Most of us learn about exponential growth in a math class, somewhere between the ages of 14 and 16. We learn that exponential growth means doubling, like this: 1, 2, 4, 8, 16, 32. We learn that it’s important to know if you want your bank account to grow or if you want to understand population dynamics.
And we forget it.
So I grab a chess board, a big bag of Cheerios (jelly beans would be better), and my two boys. We read the letter-to the-editor written by the mother of the girl who threw the party.
And we talk about the numbers. How was it that one or two invitations could lead to 80 uninvited party guests?
To make it real, I put one Cheerio on the chessboard and say: “Pretend these are jelly beans. You win a bet and as your prize I have to pay you one jelly bean on the first day. For the next 63 days, I give you double the jelly beans I gave you the previous day.

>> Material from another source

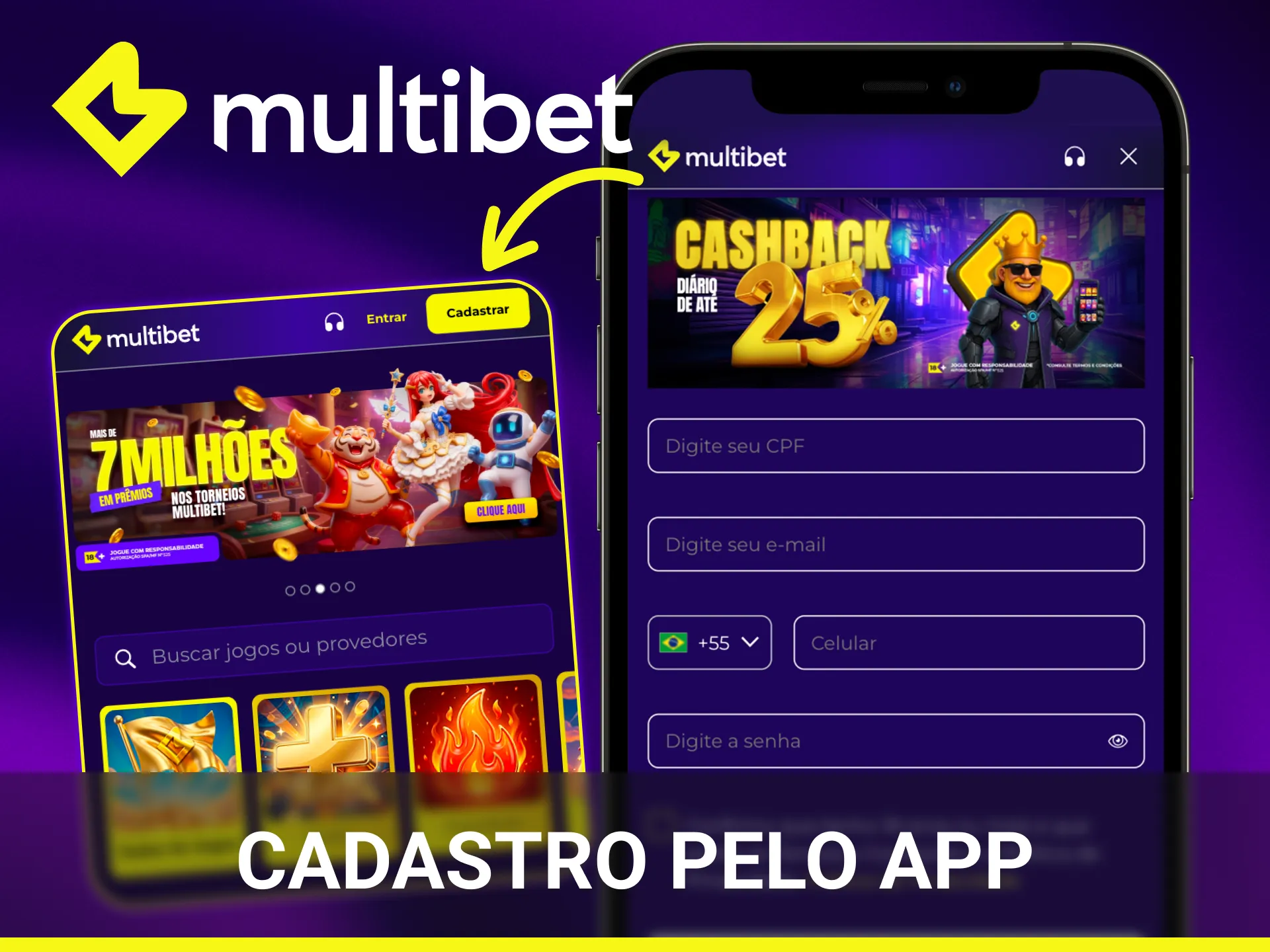 Veja as diferenças práticas entre o cadastro pelo App MultiBet e pelo site oficial.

Sound like a good deal? There’s only one requirement: you have to agree to eat the jelly beans you get each day. Deal?”
Exponential Growth
My younger son rolls his eyes. Like, who wouldn’t accept that deal? He accepts my deal and then we walk through it:
“On the first day you get one jelly bean, the second day you get two, and on the third day you get four. So far, so good.” Now he takes over. “On the fourth day I get eight jelly beans and on the fifth I get 16 and then I get 32!”
Things are looking good. The squares are too small and the Cheerios are too big, so we pull out a piece of paper and calculate that on the 10th day, he has 512 jelly beans to eat. He’s still not fazed. Double that number on the 11th day. That would be 1,024 jelly beans.
His eyes start to widen. By the 20th day, the number is over 500,000 jelly beans. On the last day, the 64th day, he would have 18,446,744,073,709,551,616 jelly beans. He starts to look queasy. I’d DIE if I had to eat all of those jelly beans!
We draw a graph like this:
We talk about how sneaky doubling can be. And how once it gets going, in the case of the party, it can be unstoppable. “So,” I ask, trying to mask the hope in my voice, “if you understand how texting can double, could that help you avoid trouble down the road?”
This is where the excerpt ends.